Note to readers: For the next few Sundays, we’ll be going back 40 years, instead of the usual 100 years, to chronicle the news that was coming out of Mount St. Helens in 1980.
On March 29, 1980, The Spokesman-Review’s front page photo showed Mount St. Helens’ pristine white cone – and a plume of steam and ash coming out the top.
The accompanying story noted that new eruptions were producing gases, steam and ash clouds that rose to 17,000 feet. Chunks of rock, ripped from the old volcano vent, “exploded 100 to 200 feet in the air.”
This was alarming, but apparently it was also “exciting.”
“This is the first real volcanic activity in the Cascade Range that can be studied with modern instruments, so I think everybody is terribly excited about what is going on,” said Gov. Dixy Lee Ray.
She also said “we do have to keep in mind that there is a potential for a great deal of destruction.”
The next day, The Spokesman-Review attempted to reassure Spokane residents by noting the painfully obvious: Mount Spokane is not a volcano!
A scientist said the chances of volcanic activity on Mount Spokane were “zip and next to zip.” And that other mountain was 240 miles away!
The next day Mount St. Helens rained some ash on Portland, but none on Spokane because there was no southwesterly wind. The day after that, Mount St. Helens had fewer eruptions – but slightly bigger ones.

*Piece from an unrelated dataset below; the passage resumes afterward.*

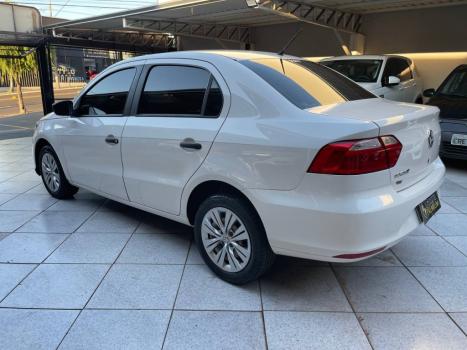 VOLKSWAGEN Voyage 1.6 4P FLEX MSI, Foto 5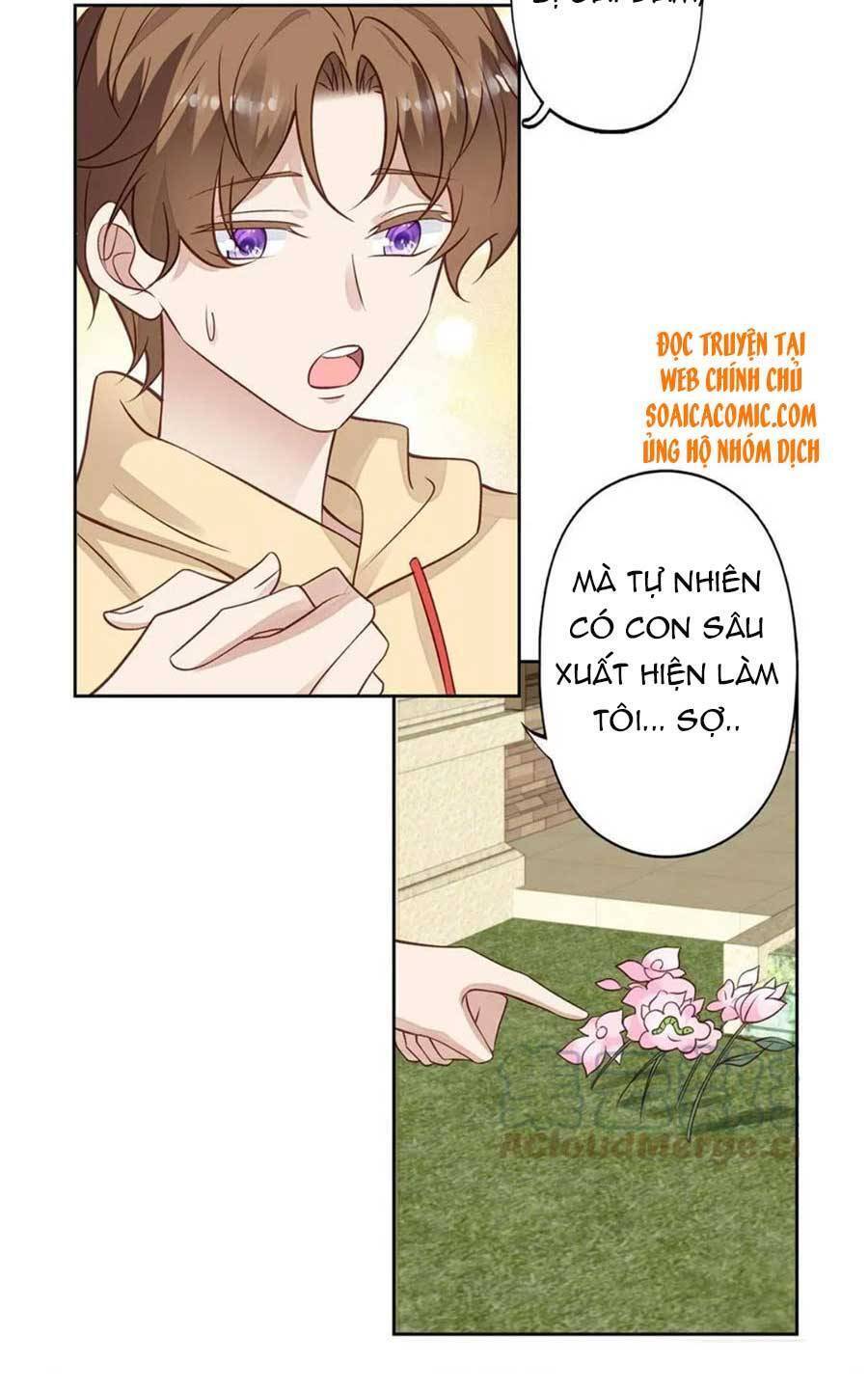 Dựa Vào Đại Lão Ổn Định Vị Trí C Trong Nam Đoàn Chapter 104 - Trang 2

By April 3, the mountain exhibited its most alarming sign yet – a harmonic tremor, indicating molten magma was moving up into the volcano. The Spokesman-Review’s headline was “Mountain Goes Wild!” and scientists were now warning of a potential huge blast.
On April 4, Gov. Ray declared a state of emergency in the area around the volcano. The paper ran a story warning people to stay indoors if a heavy fall of ash were to occur.